* [Goal of the exercise]: The answer is to be the data that follows, transcribed exactly, minus its pictures.
------ Collected data ------
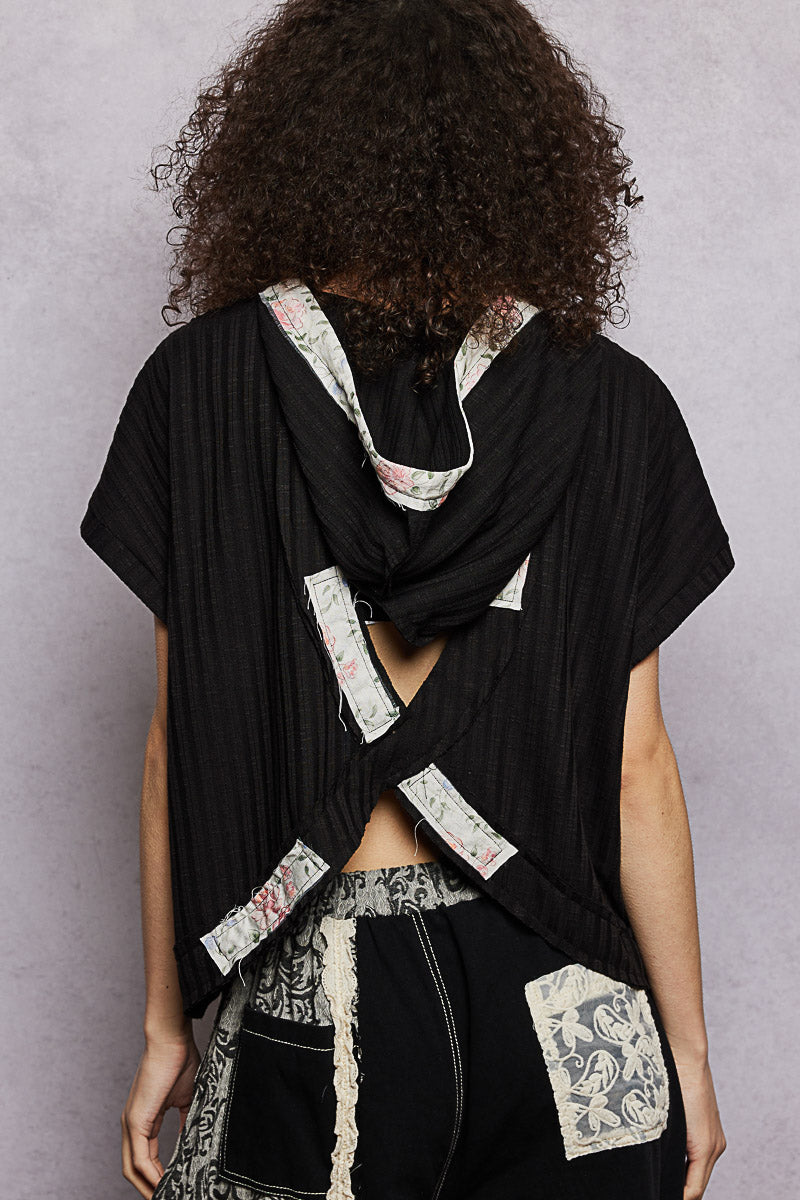 Pol Short Sleeve Hooded Top With Back Open Detail 1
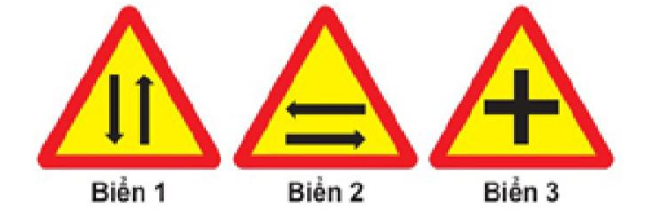 Biển nào báo hiệu “Giao nhau với đường hai chiều”?  A. Biển 1. B. Biển 2. C. Biển 3. (ảnh 1)
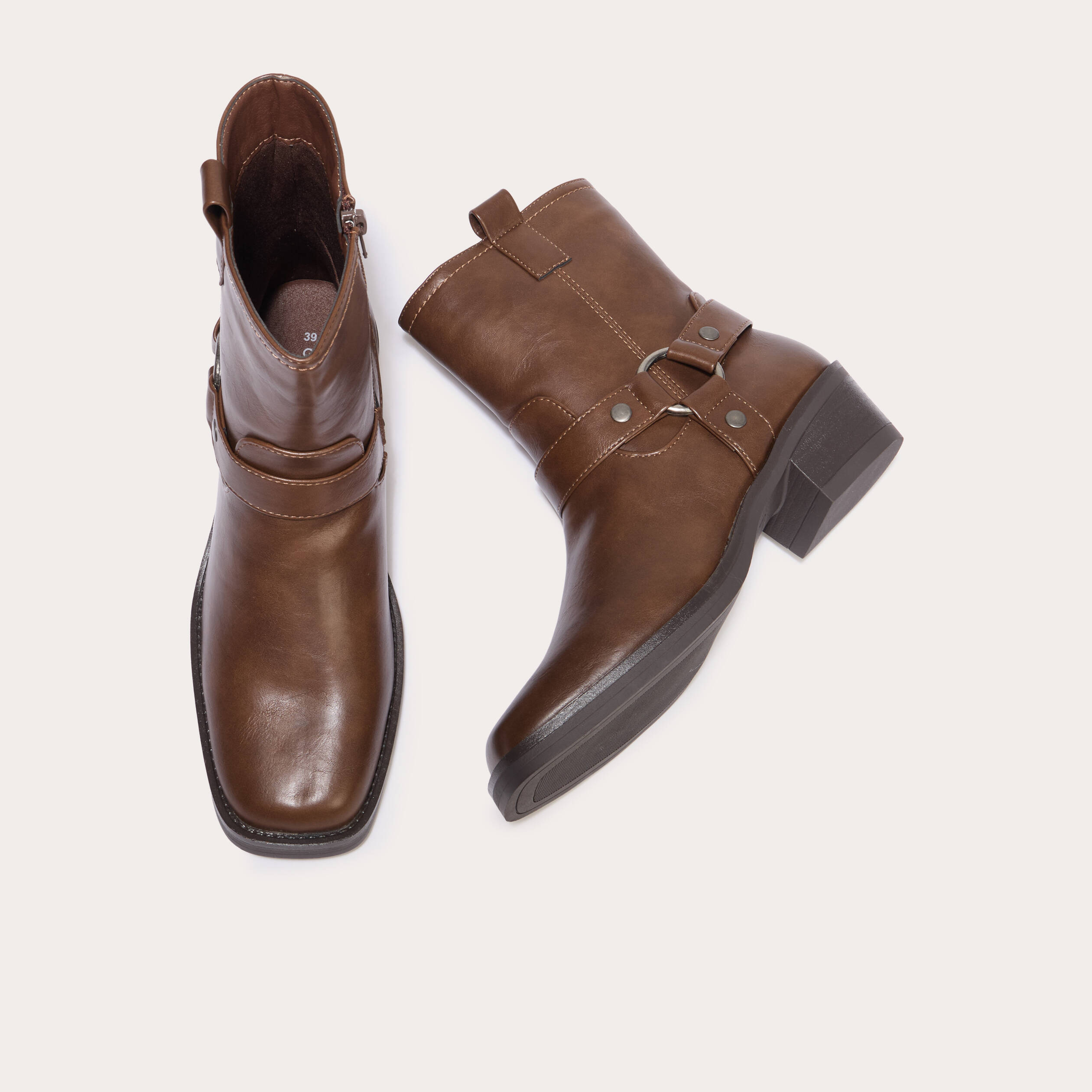 Bottines bout carr&eacute; marron fonc&eacute; femme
------
* [Task answer]:
 Pol Short Sleeve Hooded Top With Back Open Detail 1
 Biển nào báo hiệu “Giao nhau với đường hai chiều”?  A. Biển 1. B. Biển 2. C. Biển 3. (ảnh 1)
 Bottines bout carr&eacute; marron fonc&eacute; femme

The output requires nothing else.